Long Short-Term Memory (LSTM) for Sentiment Analysis

Procedure

  1. Importing Libraries: All required Python libraries for numerical computation, text preprocessing, deep learning model construction, training, evaluation, and visualization are imported. These include NumPy, Matplotlib, Seaborn, TensorFlow/Keras, and Scikit-learn.
  1. Dataset Loading: The IMDB Movie Reviews dataset is loaded by reading text files from the predefined positive and negative review directories. To ensure manageable training time and controlled experimentation, a balanced subset of the dataset is used. Each review is assigned a sentiment label, with positive reviews labelled 1 and negative reviews 0.
  1. Text Preprocessing: The raw movie reviews are cleaned using regular expression-based preprocessing techniques. This includes:

    • Converting all text to lowercase.
    • Removing punctuation marks, digits, and special characters.
    • Eliminating extra whitespaces.

    This step helps reduce noise and improve the quality of textual features learned by the models.

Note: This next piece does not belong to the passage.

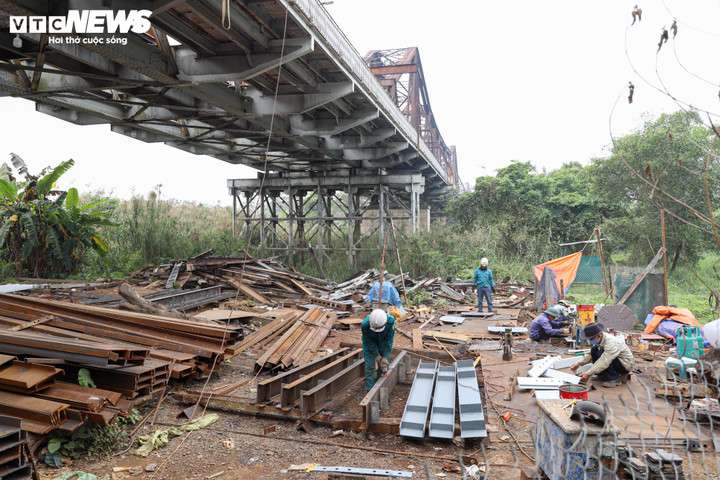 Dưới chân cầu Long Biên, công nhân đang thi công lắp đặt các dầm đỡ chịu lực cho cây cầu.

  2. Data Splitting: The cleaned dataset is divided into three subsets:

    • Training set for learning model parameters.
    • Validation set for hyperparameter tuning and model selection.
    • Test set for final performance evaluation.

    A stratified splitting strategy is used to ensure equal representation of positive and negative reviews across all subsets.

  3. Text Tokenization: The preprocessed text data is converted into a numerical format using a tokenizer with a fixed vocabulary size. Each word is assigned a unique integer index based on its frequency. Words not present in the vocabulary are replaced with an out-of-vocabulary (OOV) token to handle unseen words.

  4. Sequence Padding: Since movie reviews vary in length, all tokenized sequences are padded or truncated to a fixed maximum sequence length. This ensures uniform input dimensions for batch processing by the neural network models.

  5. Embedding Layer Construction: An embedding layer is added to both the RNN and LSTM models to transform word indices into dense vector representations. These embeddings capture semantic relationships between words and significantly improve model performance compared to sparse representations.

  6. Simple RNN Model Construction: A Simple Recurrent Neural Network (RNN) model is constructed using:

    • An embedding layer.
    • A SimpleRNN layer with dropout and recurrent dropout for regularization.
    • A dense output layer with sigmoid activation for binary sentiment classification.
  7. LSTM Model Construction: An LSTM-based model is constructed using:

    • An embedding layer.
    • An LSTM layer with dropout to reduce overfitting.
    • A sigmoid-activated output layer.

    The gating mechanisms in the LSTM enable effective learning of long-term dependencies in textual data.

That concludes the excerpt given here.